This post was made as part of John Wentworth's SERI MATS skill-up phase. I'd like to thank Chu Chen, Stephen Fowler, John Wentworth, and LessWrong's review services for help reviewing.

When I was a kid, I used to play poker^{[1]} with my brothers. I prided myself on thinking of clever strategies to trick them. Like creating false tells, or making contradictory claims in an effort to confuse them. These strategies usually succeeded on the first one or two tries, but by the third try they'd usually catch onto my game, and devastate me for the next 3-5 rounds as I tried to think up another clever trick, meaning they'd usually win. The problem was my use of simple, easily learnable heuristics to attempt deception with, which take more time & resources to think up than they make up for by being persistently useful. A better strategy would be attempting to build a model in my head of my brothers' reactions, and basing strategies on that model. This way, I'd be able to figure out when they'd catch on to my tricks, and more easily think up such tricks without needing to try them out in the process, potentially losing some points. This post attempts to generalize my experience to give insights into these heuristic and model based approaches’ stability properties after repeated interactions between a deceiving and target agent. With some work, the descriptions here can likely be generalized into an equivalent argument about general agents, not just deceptive ones.

Say we are looking in on a poker game between Alice and Bob. Based on Alice’s betting strategy and body language, Bob can clearly tell Alice has a better hand than he. However, Alice has been tricked by Bob’s betting strategy and body language into believing Bob has a far better hand than her. Bob wins the hand after Alice folds.

In this post, we’re going to get a feel for why my intuitions lean towards the conjecture that Bob must be modeling Alice in some way. That is why I believe that information generating processes which cause deception in an otherwise adequate agent seem like they should be running some abstracted version of the target agent, and not applying a simple inverse.

Should we expect Bob to have a model of Alice?

The argument made here should be differentiated from the case where Bob is or models an inverse of Alice^{[2]}. If Bob is very good at his job, he can always be considered a certain type of inverse of Alice, since he starts at some conclusion or action he’d like Alice to make, translates this into information he predicts will cause this effect, then sends this information to Alice, who translates it into the conclusion or action Bob wanted her to make.

Though Bob may not be a perfect inverse, since there may be some actions Bob is unable to make Alice take. For instance, it may be impossible for Bob to convince Alice to give him all her money^{[3]}.

When I say Bob is modeling Alice, I mean something more specific than this. I mean Bob has an explicit model of Alice which he can use to predict Alice’s conclusions and actions after receiving various pieces of information. If you were to take this piece and run it as-is^{[4]} you would get an OK approximation of Alice’s reactions.

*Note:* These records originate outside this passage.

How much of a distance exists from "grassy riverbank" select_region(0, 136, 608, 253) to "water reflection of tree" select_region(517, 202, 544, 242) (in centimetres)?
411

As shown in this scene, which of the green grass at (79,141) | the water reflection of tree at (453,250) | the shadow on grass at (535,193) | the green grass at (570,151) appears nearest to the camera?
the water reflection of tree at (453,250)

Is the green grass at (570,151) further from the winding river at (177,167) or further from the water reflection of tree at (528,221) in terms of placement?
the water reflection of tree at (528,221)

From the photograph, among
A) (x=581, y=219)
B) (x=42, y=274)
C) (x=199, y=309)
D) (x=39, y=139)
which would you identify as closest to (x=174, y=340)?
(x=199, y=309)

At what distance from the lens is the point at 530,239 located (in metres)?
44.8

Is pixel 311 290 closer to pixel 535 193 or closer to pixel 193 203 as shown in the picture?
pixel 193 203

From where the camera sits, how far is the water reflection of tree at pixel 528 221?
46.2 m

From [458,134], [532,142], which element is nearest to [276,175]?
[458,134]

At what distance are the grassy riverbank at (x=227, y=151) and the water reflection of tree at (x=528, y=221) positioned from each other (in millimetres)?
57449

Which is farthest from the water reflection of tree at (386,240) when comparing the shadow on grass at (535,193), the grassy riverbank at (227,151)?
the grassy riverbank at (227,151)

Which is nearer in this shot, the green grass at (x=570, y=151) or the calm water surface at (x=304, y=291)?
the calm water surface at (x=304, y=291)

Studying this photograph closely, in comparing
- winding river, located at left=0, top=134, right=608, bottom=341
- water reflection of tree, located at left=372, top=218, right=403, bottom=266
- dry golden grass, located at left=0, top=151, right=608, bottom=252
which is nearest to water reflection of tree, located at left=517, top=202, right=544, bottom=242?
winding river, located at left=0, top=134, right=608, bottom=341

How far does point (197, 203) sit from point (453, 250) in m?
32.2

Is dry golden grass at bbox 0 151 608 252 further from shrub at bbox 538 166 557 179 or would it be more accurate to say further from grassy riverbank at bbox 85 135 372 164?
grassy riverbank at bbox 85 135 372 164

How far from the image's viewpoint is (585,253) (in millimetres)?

Such a model seems necessary when Alice and Bob are acting for extended periods of time, and Alice has access to outside sources of information. We will be playing with the poker game example from before. In this example, there are many different strategies Bob may take. Broadly, Bob has three options (Notably, it is not the case that we expect Bob to start with an explicit, simple heuristic, develop this into a complicated heuristic, and then into an internal model. These are just different strategies Bob may decide to implement.):

Use a simple heuristic to manipulate Alice’s beliefs and actions. For instance, he may figure out that if he acts confident, Alice is more likely to believe he has good cards. He may also try to give Alice a fake tell, like rubbing his elbows each time he has a bad hand, in order to subvert that tell when he has a very good hand.

Use a complicated heuristic to manipulate Alice’s beliefs and actions. This can be related to Bob using his gut to develop strategies to manipulate Alice rather than any simple, explicit model. In this example, it wouldn’t be any exact strategy, but complicated, fuzzy, gut feelings about how Bob should go about bluffing. This differs from a simple heuristic, because it is more complex, and we don’t expect Alice to be able to learn the exact method Bob is using to come to his conclusions. It’s also not obviously better, though this is outside the scope of this blog post.

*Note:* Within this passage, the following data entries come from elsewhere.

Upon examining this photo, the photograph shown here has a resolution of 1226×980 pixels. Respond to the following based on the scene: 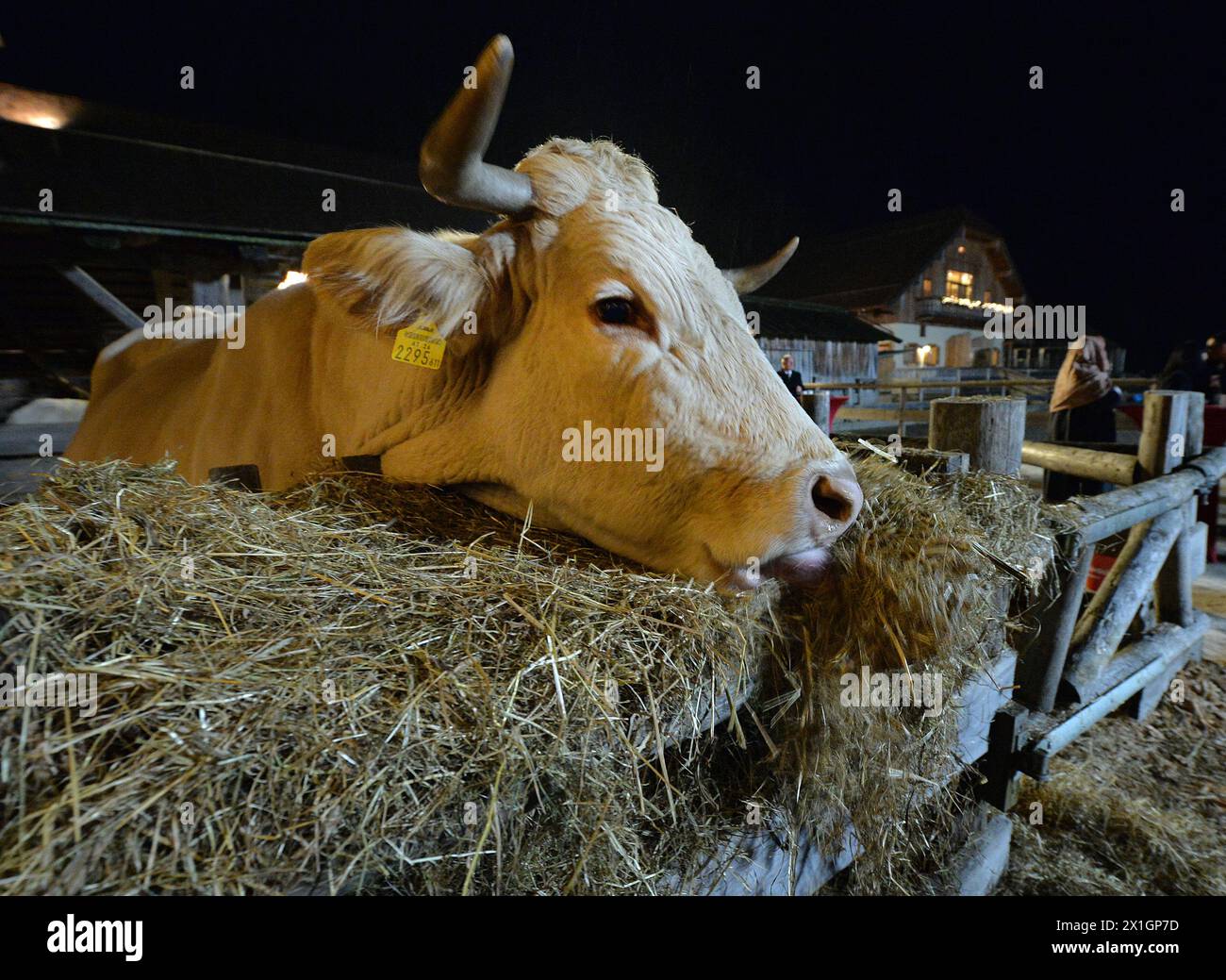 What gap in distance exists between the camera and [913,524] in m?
1.82

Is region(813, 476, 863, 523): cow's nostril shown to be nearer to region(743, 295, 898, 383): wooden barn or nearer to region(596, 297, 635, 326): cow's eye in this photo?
region(596, 297, 635, 326): cow's eye

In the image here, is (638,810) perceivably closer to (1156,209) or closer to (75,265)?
(75,265)

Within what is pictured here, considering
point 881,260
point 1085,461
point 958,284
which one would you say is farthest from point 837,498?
point 958,284

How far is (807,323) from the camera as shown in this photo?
21031 millimetres

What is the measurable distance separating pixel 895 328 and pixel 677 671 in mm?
31505

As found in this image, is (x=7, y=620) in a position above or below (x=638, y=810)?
above

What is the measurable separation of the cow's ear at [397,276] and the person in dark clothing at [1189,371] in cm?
845

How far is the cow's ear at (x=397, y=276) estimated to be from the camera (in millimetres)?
1992

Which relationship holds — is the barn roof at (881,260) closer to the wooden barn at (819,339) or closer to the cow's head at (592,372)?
the wooden barn at (819,339)

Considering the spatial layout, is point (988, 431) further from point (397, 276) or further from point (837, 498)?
point (397, 276)

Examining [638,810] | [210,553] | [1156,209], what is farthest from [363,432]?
[1156,209]

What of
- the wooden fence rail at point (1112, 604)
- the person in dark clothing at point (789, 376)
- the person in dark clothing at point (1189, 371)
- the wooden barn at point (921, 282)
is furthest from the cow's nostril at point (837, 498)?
the wooden barn at point (921, 282)

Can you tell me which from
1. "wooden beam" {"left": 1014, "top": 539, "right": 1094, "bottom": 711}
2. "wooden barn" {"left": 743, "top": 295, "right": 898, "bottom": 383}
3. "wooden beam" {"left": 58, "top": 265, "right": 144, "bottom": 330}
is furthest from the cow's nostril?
"wooden barn" {"left": 743, "top": 295, "right": 898, "bottom": 383}

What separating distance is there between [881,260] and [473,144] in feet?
102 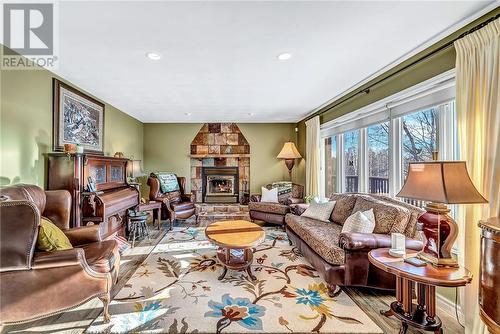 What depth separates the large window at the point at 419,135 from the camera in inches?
97.2

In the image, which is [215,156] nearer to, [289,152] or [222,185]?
[222,185]

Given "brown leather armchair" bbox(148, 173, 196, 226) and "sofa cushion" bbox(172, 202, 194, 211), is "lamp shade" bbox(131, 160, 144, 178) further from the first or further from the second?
"sofa cushion" bbox(172, 202, 194, 211)

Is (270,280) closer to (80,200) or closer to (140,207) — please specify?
(80,200)

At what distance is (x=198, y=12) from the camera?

Use an internal model of Alice, which directly stimulates her reactions to receiving various bits of information, and choose the information to send based on which reactions are most preferable.

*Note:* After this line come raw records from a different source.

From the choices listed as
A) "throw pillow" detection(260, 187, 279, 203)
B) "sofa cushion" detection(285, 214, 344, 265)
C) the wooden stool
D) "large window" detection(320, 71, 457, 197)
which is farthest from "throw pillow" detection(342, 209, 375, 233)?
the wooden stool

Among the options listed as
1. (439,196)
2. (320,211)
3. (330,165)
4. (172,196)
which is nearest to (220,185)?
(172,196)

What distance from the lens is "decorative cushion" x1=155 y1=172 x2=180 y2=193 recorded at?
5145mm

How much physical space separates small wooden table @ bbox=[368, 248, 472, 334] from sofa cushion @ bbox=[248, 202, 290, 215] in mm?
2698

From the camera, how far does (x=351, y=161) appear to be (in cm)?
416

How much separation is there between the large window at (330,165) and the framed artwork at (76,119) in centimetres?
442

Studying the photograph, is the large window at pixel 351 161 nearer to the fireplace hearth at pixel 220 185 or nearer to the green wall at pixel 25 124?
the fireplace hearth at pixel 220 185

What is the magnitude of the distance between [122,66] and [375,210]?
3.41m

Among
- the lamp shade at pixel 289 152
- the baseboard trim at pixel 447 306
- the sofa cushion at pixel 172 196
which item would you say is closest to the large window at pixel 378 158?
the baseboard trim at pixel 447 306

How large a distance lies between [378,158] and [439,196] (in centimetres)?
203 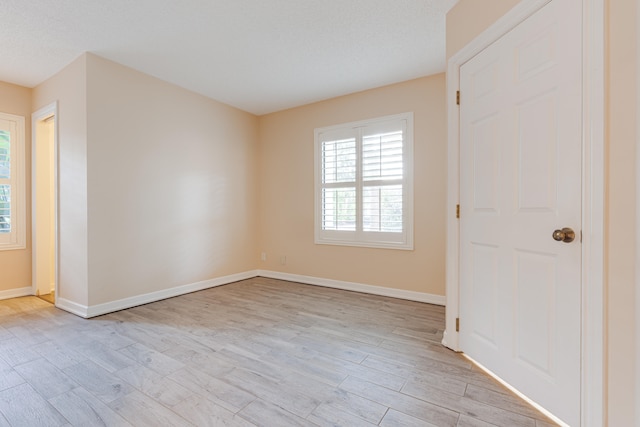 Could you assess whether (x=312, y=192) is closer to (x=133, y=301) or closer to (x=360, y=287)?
(x=360, y=287)

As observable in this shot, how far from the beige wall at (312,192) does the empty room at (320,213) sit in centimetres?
3

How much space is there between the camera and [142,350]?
2.23 meters

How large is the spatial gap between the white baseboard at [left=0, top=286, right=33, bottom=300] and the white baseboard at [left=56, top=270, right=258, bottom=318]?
0.94m

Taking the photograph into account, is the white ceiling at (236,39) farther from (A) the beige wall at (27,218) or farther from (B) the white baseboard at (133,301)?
(B) the white baseboard at (133,301)

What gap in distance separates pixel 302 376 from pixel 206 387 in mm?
589

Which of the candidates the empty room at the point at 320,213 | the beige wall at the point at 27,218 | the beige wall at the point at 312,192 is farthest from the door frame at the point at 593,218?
the beige wall at the point at 27,218

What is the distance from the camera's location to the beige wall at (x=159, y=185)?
302 cm

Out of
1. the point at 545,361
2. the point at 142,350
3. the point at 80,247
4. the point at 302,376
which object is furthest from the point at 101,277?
the point at 545,361

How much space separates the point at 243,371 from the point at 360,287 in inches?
87.4

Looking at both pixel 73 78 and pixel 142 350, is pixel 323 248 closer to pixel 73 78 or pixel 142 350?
pixel 142 350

If Bob uses a simple heuristic (1), Alice is very likely to pick up on what he’s doing after a few iterations. It often takes only one deceptive tell to determine that the tell is, in fact, deceptive. Likewise, if Bob consistently acts confident when he has a bad set of cards, Alice will easily be able to connect these concepts together, and no longer be subject to such deception. After exhausting the obvious simple heuristic strategies, Bob will have to start scrambling for new ones.

If Bob uses a complex heuristic (2), even though his hunches are not easily learned by Alice, Alice will still figure out she’s losing, and decide it’s time for a change of pace in how she decides upon her actions. There is often little Bob can do to rebuild such a gut intuition for how to deceive Alice when she executes this defense other than pure exposure.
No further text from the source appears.